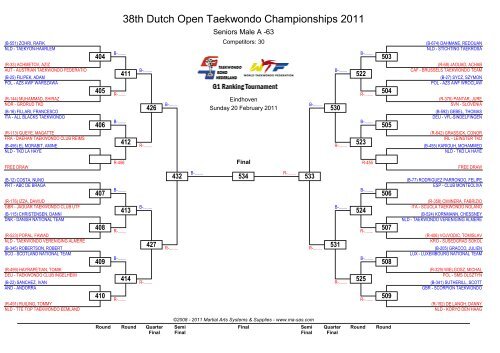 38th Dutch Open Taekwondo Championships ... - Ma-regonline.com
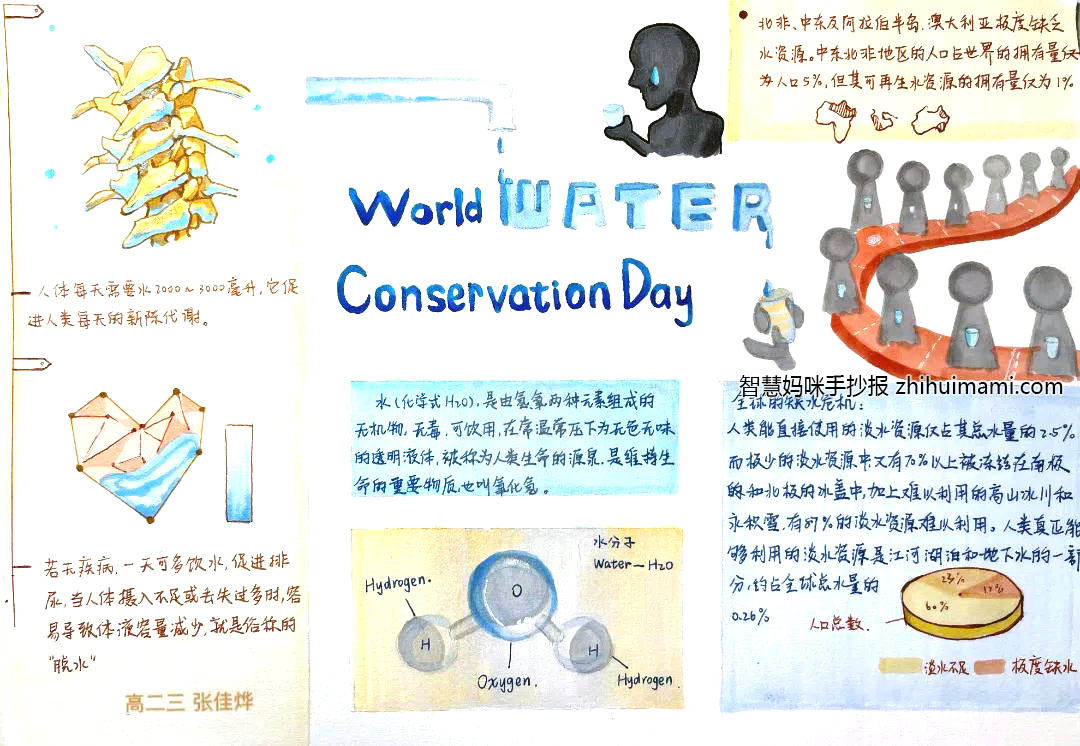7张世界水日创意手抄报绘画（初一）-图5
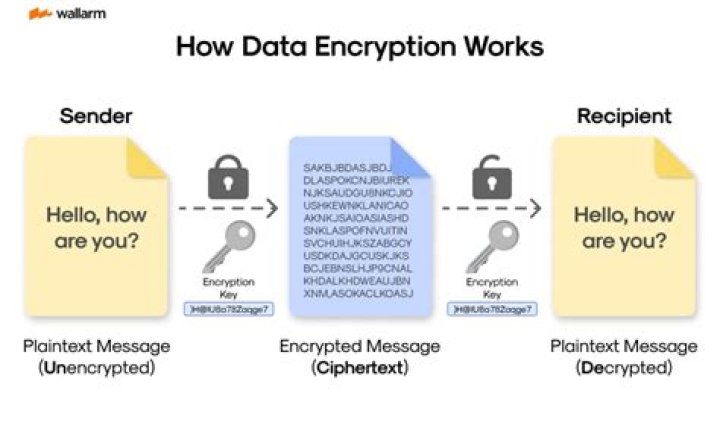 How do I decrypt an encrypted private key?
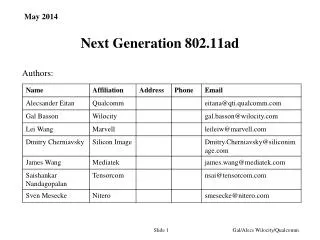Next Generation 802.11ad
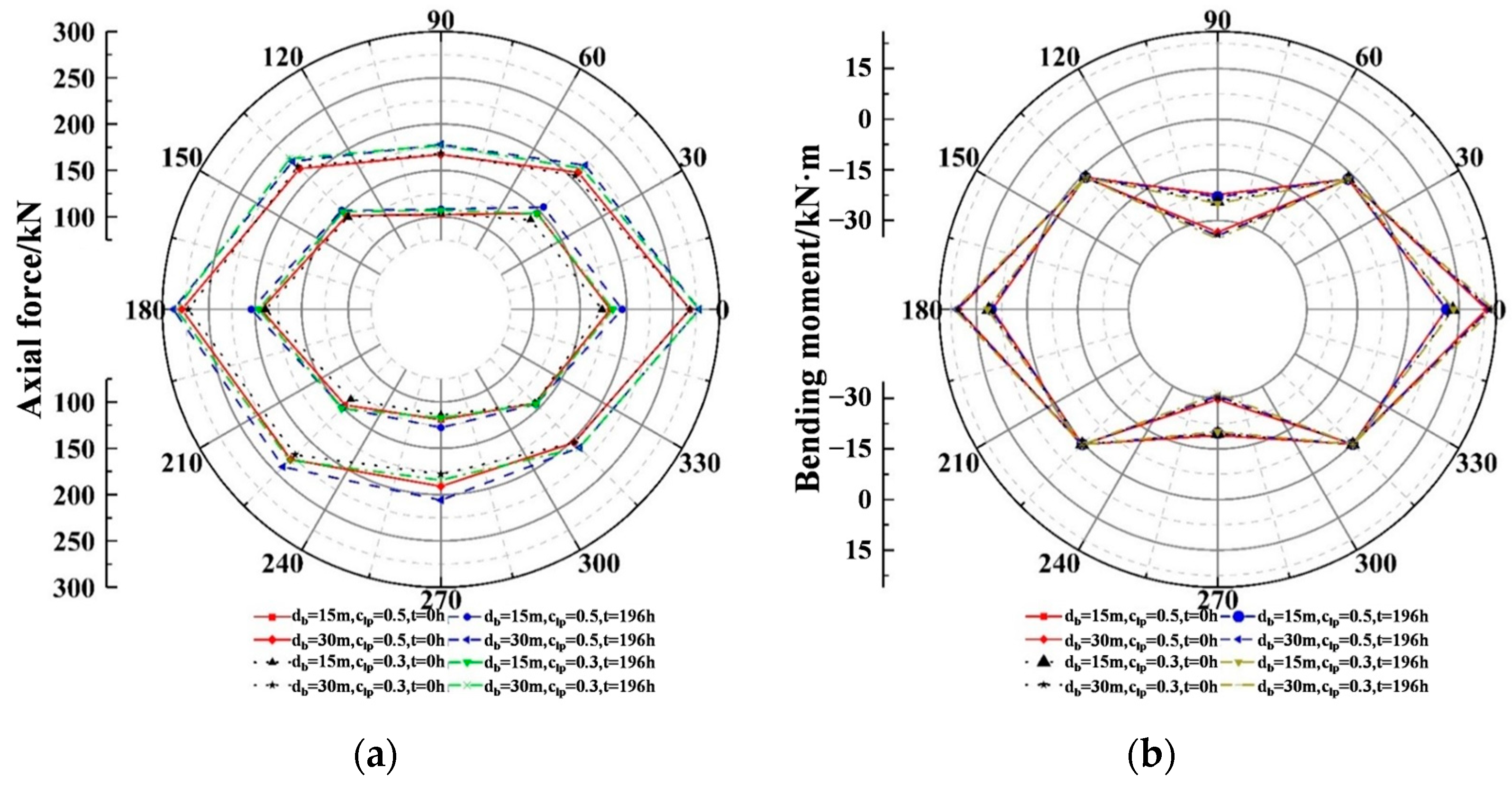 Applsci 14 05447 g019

============

# [Exercise details]
Reproduce the preceding material exactly, skipping pictures.

# [Output of the exercise]
 38th Dutch Open Taekwondo Championships ... - Ma-regonline.com
7张世界水日创意手抄报绘画（初一）-图5
 How do I decrypt an encrypted private key?
Next Generation 802.11ad
 Applsci 14 05447 g019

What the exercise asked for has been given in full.